Given information
[Start of section]

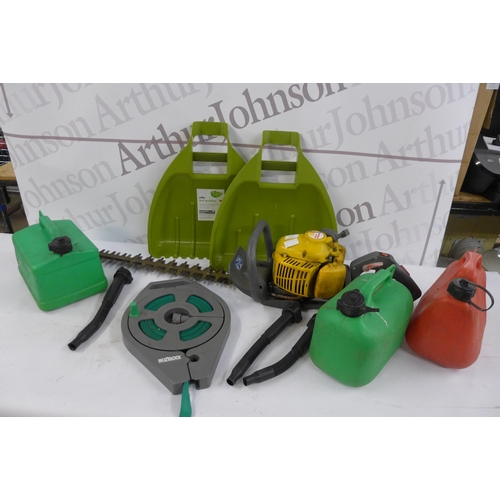 5168 - A DH-27 Dyna-Mac petrol hedge cutter with 3 petrol cans, a hose pipe and a pair of leaf scoops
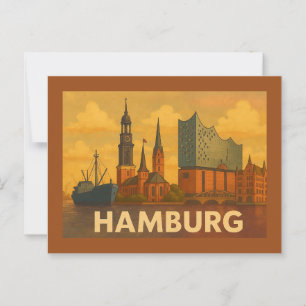 Cartão Postal Arte Urbana da Cidade de Hamburgo Alemanha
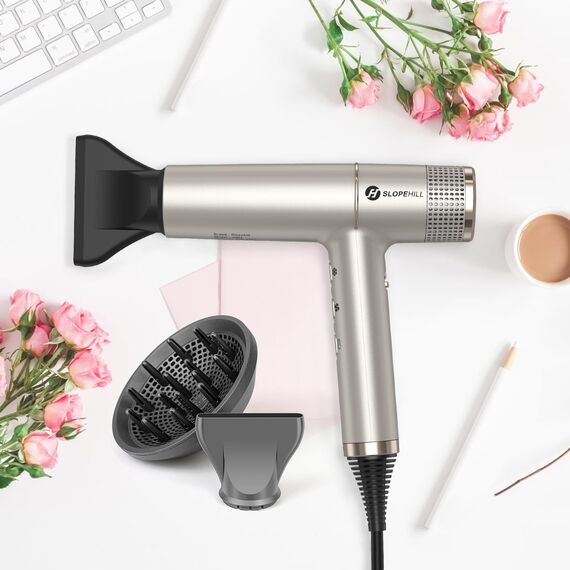 slopehill Haartrockner mit einzigartigem bürstenlosem Motor | Intelligente Fehlerdiagnose | Innovativer Mikrofilter | Oxy Active Technology | LED-Anzeige | 268g Superleicht, 2000W (Champagner Gold)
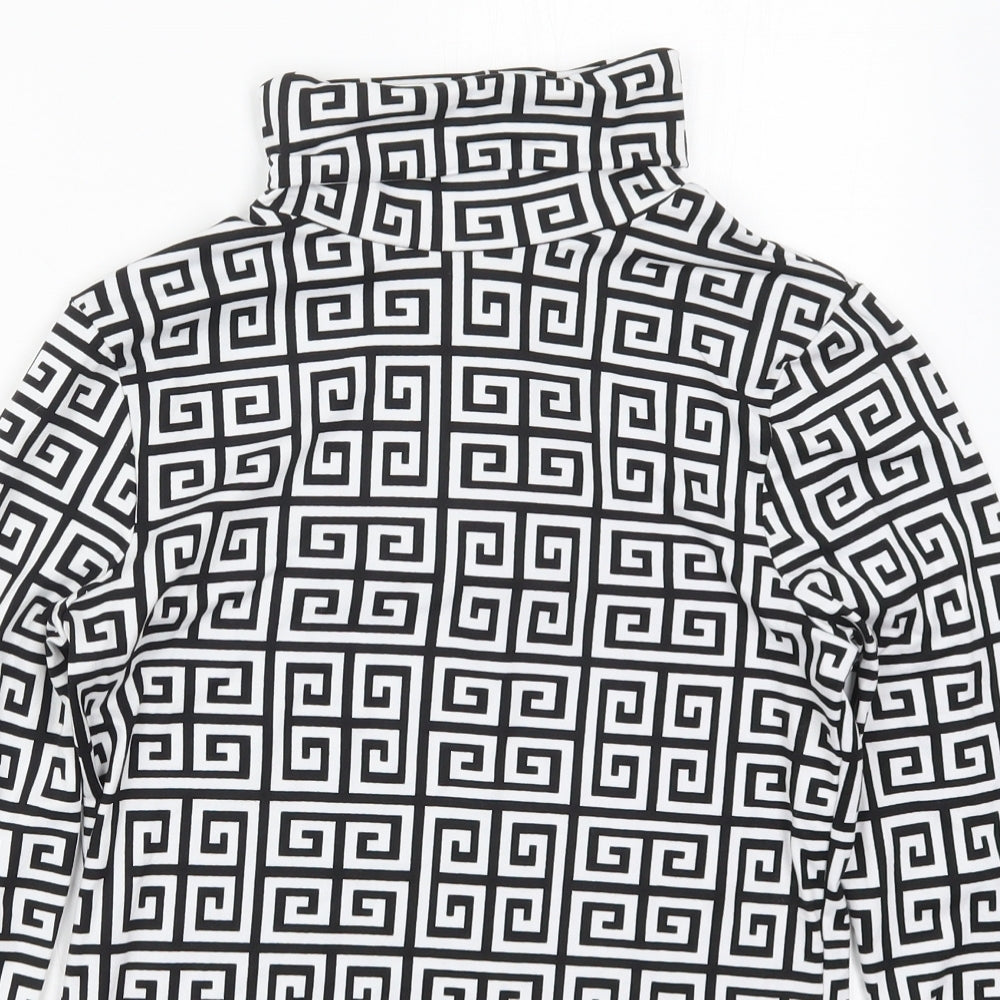 Pep&Co Womens Black Geometric Polyester Basic T-Shirt Size 8 Roll Neck - Black and White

[End of section]

Task item
The expected answer is the full listing above, transcribed exactly and without pictures.

Your solution
 5168 - A DH-27 Dyna-Mac petrol hedge cutter with 3 petrol cans, a hose pipe and a pair of leaf scoops
 Cartão Postal Arte Urbana da Cidade de Hamburgo Alemanha
 slopehill Haartrockner mit einzigartigem bürstenlosem Motor | Intelligente Fehlerdiagnose | Innovativer Mikrofilter | Oxy Active Technology | LED-Anzeige | 268g Superleicht, 2000W (Champagner Gold)
 Pep&Co Womens Black Geometric Polyester Basic T-Shirt Size 8 Roll Neck - Black and White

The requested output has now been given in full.